__Task item__: Stop at the line containing "Jumping to the": write out every line from the beginning of the entries up to and including it, minus the pictures.
--*--
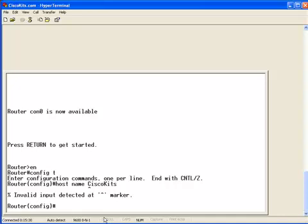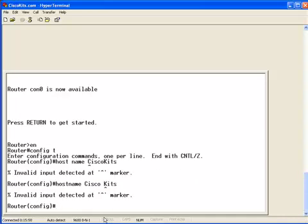What it was looking at was the host command, and then it sees the name Cisco Kits there, so it gets really confused. Let's back up a little bit more and go hostname. Let's try Cisco Kits as two words and see what happens. Again, it gives us invalid input detected at the marker. Again, it's just looking for a single contiguous hostname up to 25 characters.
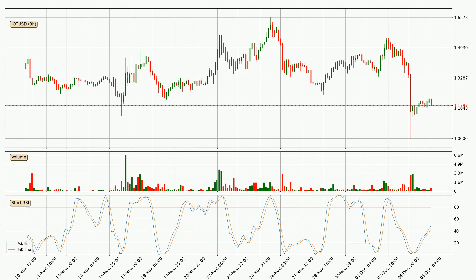Jumping to the 3-hourly Stochastic RSI, there are no signs of it being oversold or overbought at this time, but the %K line is over the %D line, which means the current trend is to the upside.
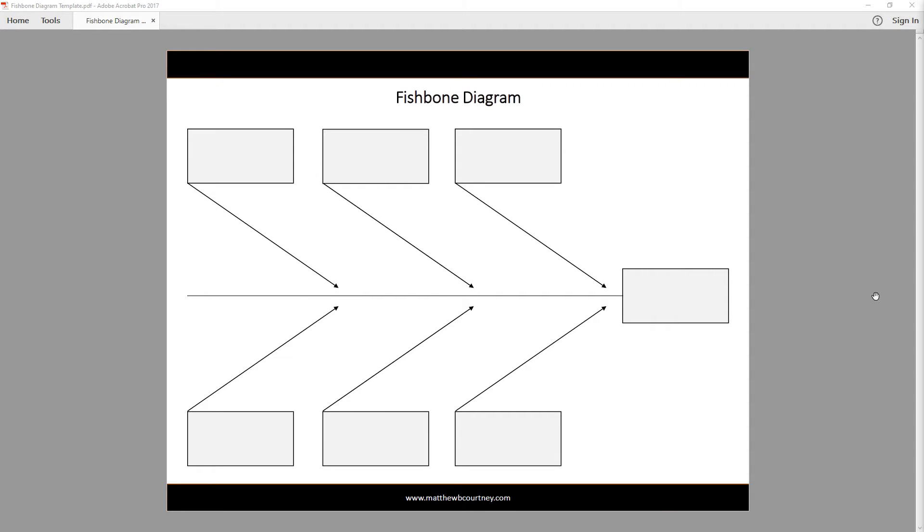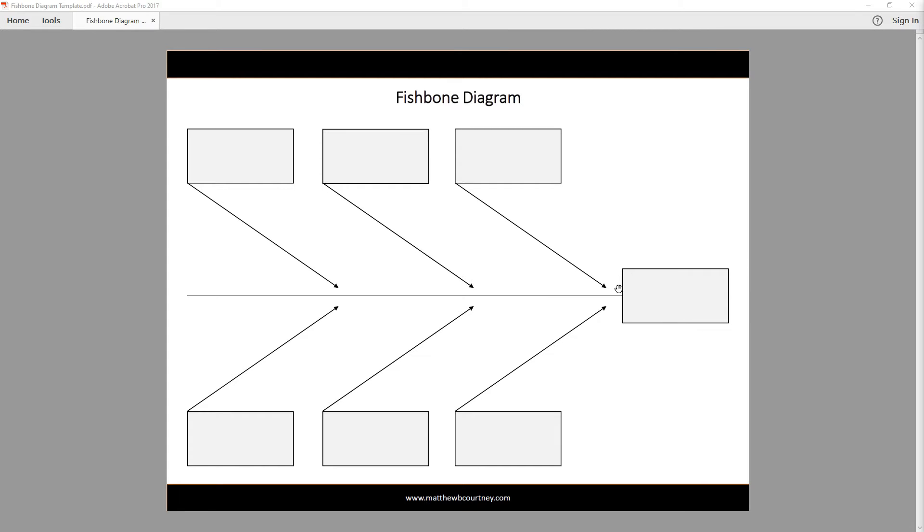Let's take a look at a Fishbone Diagram template. At first glance, you can see why it's called a Fishbone. When completing the Fishbone, you start at the head of the fish, located on the far right-hand side of this template. Here, you will write your problem.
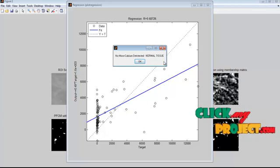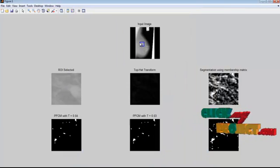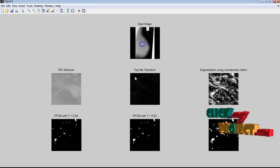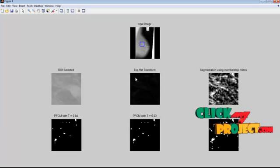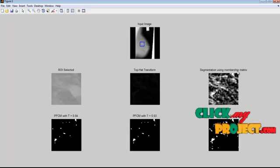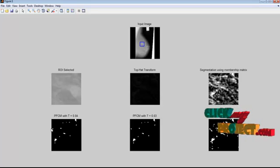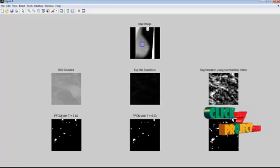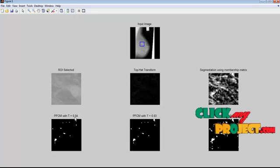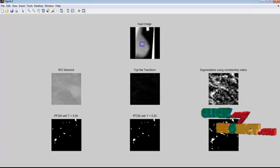In the selected region of interest, no micro calcium has been detected. The selected region is shown separately. This is the top hat transform applied for image enhancement. This is the segmentation result using the membership matrix, and these are the segmentation results using the PFCM clustering algorithm with different threshold values such as 0.04, 0.03, and 0.02.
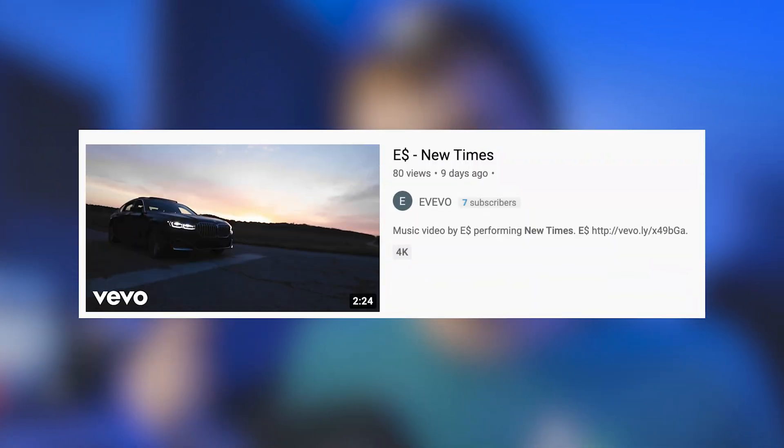I recently finished editing a music video called 'New Times' by an artist named E Money — I'll include his links below. He shot me over some footage and asked me to sauce up his latest music video. The song is really smooth and chill, and it works great with these types of simple, clean transitions I'm going to be showing you guys today.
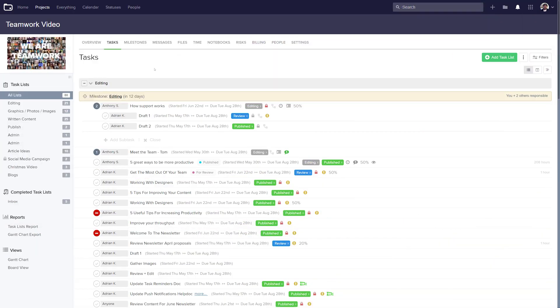In Teamwork Projects, you might sometimes find yourself needing to execute a change across multiple tasks or subtasks within a project. So maybe you need to assign multiple existing tasks to a particular user, or update the due date for all of the tasks in a single task list. Thankfully, Teamwork Projects provides you with a means to easily bulk edit tasks or subtasks, and doing so is really easy.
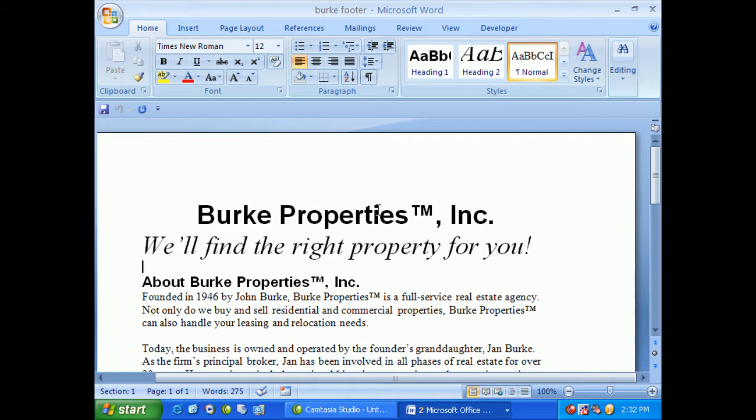Now I'm currently looking at our Burke Properties document here. And I'd like to record a macro that inserts the term Burke Properties with a trademark into the footers. So in order to do that, once a document is open, we need to go to the Developer tab.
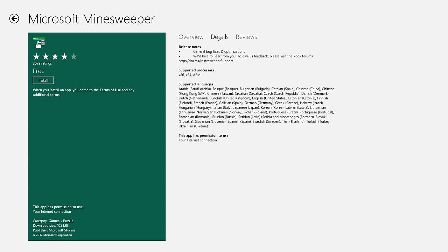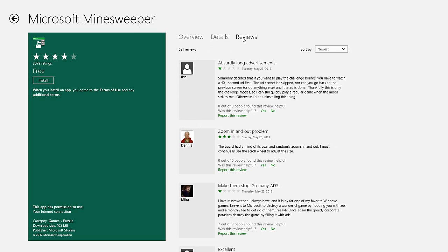I can see details about what it's going to use. All it's going to use is my internet connection, and read reviews.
--*--
__Response for this exercise__:
What it was looking at was the host command, and then it sees the name Cisco Kits there, so it gets really confused. Let's back up a little bit more and go hostname. Let's try Cisco Kits as two words and see what happens. Again, it gives us invalid input detected at the marker. Again, it's just looking for a single contiguous hostname up to 25 characters.
Jumping to the 3-hourly Stochastic RSI, there are no signs of it being oversold or overbought at this time, but the %K line is over the %D line, which means the current trend is to the upside.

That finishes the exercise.